# PROVIDED MATERIAL
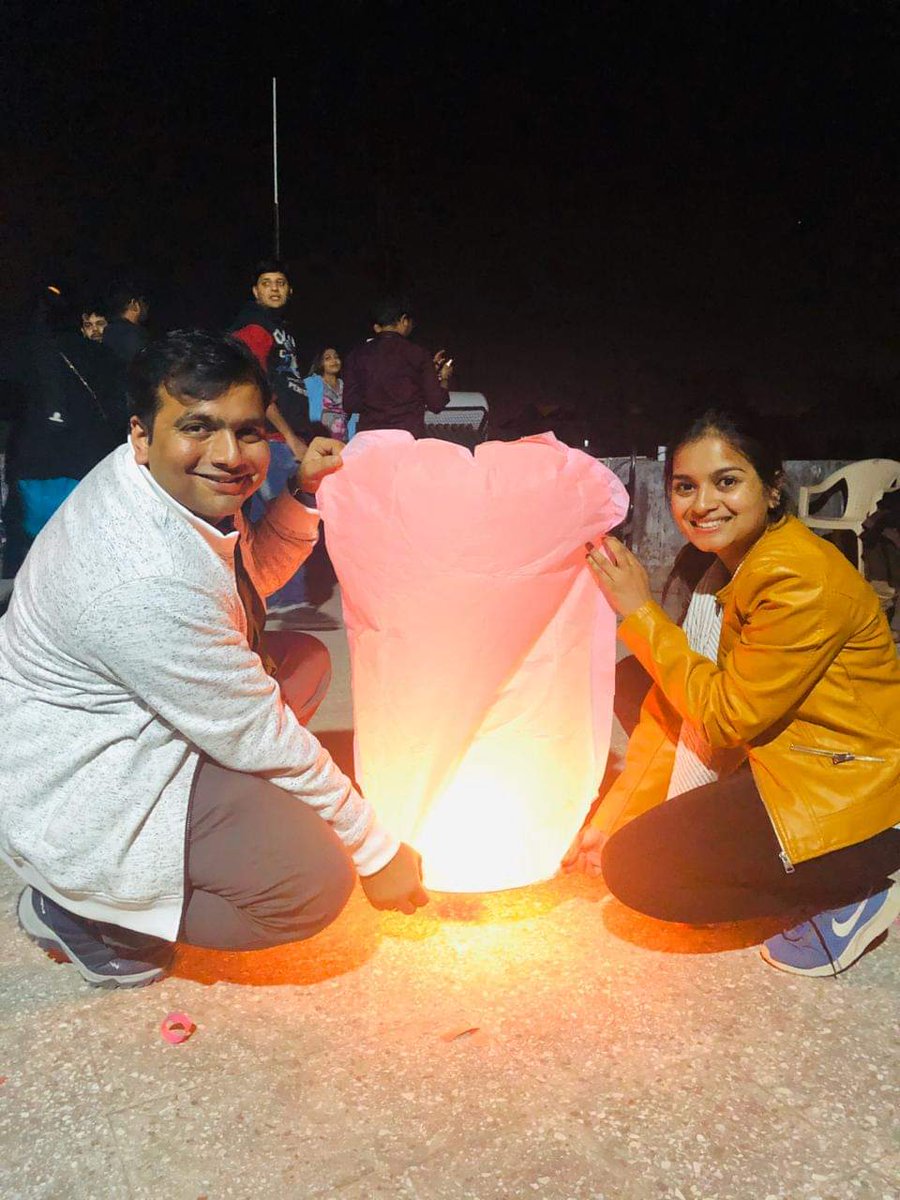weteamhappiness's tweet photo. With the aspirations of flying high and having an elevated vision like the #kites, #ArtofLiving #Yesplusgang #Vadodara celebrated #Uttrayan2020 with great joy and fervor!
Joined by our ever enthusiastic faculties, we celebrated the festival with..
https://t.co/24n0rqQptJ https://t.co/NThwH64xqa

--

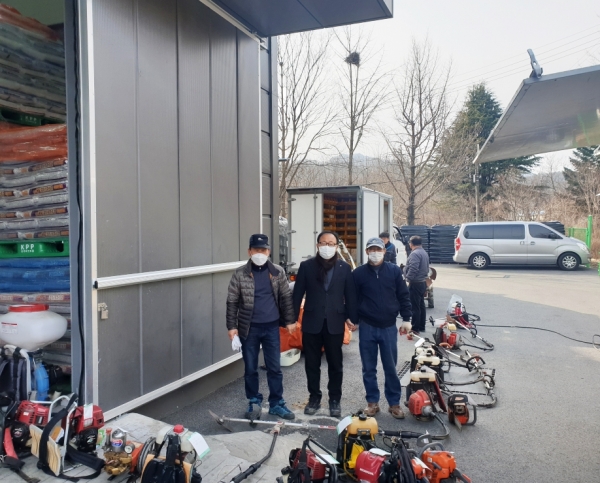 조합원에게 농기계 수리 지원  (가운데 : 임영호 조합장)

# REQUIRED WORK
Could you repeat exactly the lines in the listing above from the one with "Joined by our" down to the one with "https://t.co/24n0rqQptJ https://t.co/NThwH64xqa"? Include both of those lines.

# RESULT BELOW
Joined by our ever enthusiastic faculties, we celebrated the festival with..
https://t.co/24n0rqQptJ https://t.co/NThwH64xqa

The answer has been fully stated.